A Trove of Dead Horror Digests

I was rummaging about in a wardrobe in the back bedroom and found myself getting distracted by a large box full of small press publications from the early noughties.wicked hollowThe indulgent nostalgia was multiplied by the realisation that pretty much of all of them have since folded. Mostly A5, some immaculately printed, others rough bedroom-printer jobs, there’s a huge variation in editorial and authorial talent, but these played a role in what was a very formative time regarding my own writing.

My favourite has to be Wicked Hollow from Blindside Publishing, a card-stock becovered magazine the size of a wallet that could be slipped into the back pocket to be read on the bus or during a quick break at work. Professionally finished and crafted, the last issue was #9 in 2005, and I see that the website still lives but hasn’t been updated since. It’s somewhat sad when a magazine folds without announcement and the site is left to moulder. I just revisited some quality tales from Simon Strantzas and Anderson Prunty, and it was here that I made my first paid sale with “Snuff Club” back in 2002. Reading that email acceptance from editor Jon Hodges was quite a moment, and to describe it as euphoric is no exaggeration. No writer ever forgets their first.
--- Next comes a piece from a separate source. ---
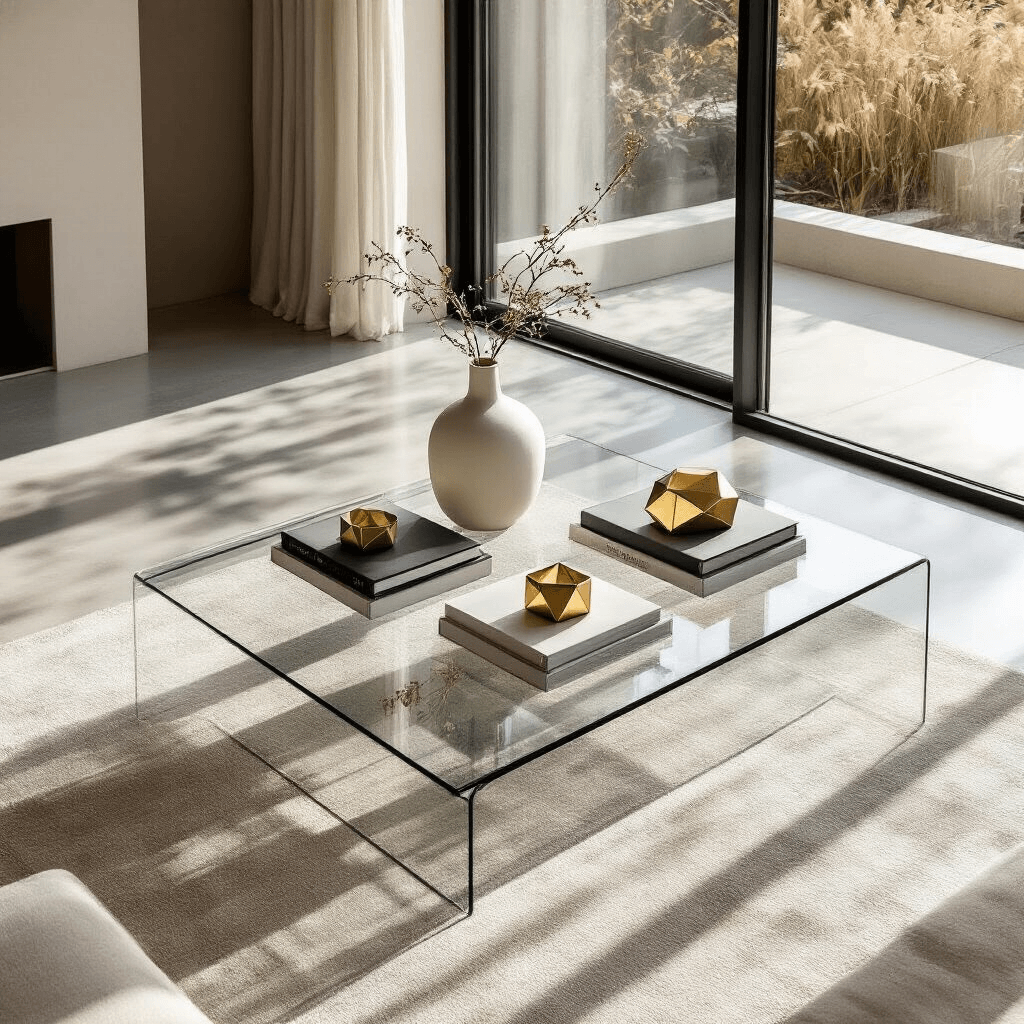 The Ultimate Guide to Glass Coffee Tables: Styling, Photography, and Decor Secrets Wide-angle shot of a modern minimalist living room with a glass coffee table, sunlight streaming through large windows, featuring a white vase, coffee table books, and brass candle holders on polished concrete floors.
I enjoyed the sf horror of Burning Sky, edited by Greg Gifune, and discovered writers such as Darrell Pitt and Tim Curran. The exceptionally thoughtful Fusing Horizons introduced me to the likes of Gary McMahon and John Llewellyn Probert, both who have since become favourites. Editor Gary Fry very politely rejected me several times, and rightly so given the quality of these earlier scribblings, before he went on to greater things with the fantastic Gray Friar Press. I was also quite fond of the ultra-small press Dark Angel Rising. A monochrome and endearingly wonky zine from Cornwall in England, it had had real heart, editors who were a delight to correspond with and was my first taste of Amy Grech, Eric S. Brown and Rob Dunbar.


Talebones, run by Patrick Swenson for many years, was one of the more glossy offerings with quality artwork and reader’s letters. Hit and miss was Andrew Hannon’s Thirteen which has the occasional gem and took an early flash story of mine. I never managed to get hold of that final issue unfortunately, and I believe the magazine folded after a flood at the editor’s office.

I have quite a few issues of the Australian pulp-fest Dark Animus, edited by James R. Cain, which aimed to showcase new writers and featured the early tales of many prolific scribes like Michael Arnzen, Cat Sparks and poet Christina Sng. This also taught me that rejection isn’t necessarily the end of the world – and also to aim high – as one of mine that wasn’t to the editor’s taste went on to be sold for a professional rate elsewhere.


Others include the wonderfully titled Whispers from the Shattered Forum by Cullen Bunn of Undaunted Press, Flesh and Blood, Frothing at the Mouth and Black Satellite, and I’m thankful to them all for fuelling my love of writing. It was a fun time, discovering that there was much more to the genre than what high street bookstores had to offer, and also that it was possible to get my own work published without an agent or approaching the terrifying giants of the industry. And although some of these were token or “4-the-luv” markets, which attract a lot of heat, it’s how a lot of us started out. Born out of passion rather than an expectation of riches, these digests are gone but not forgotten.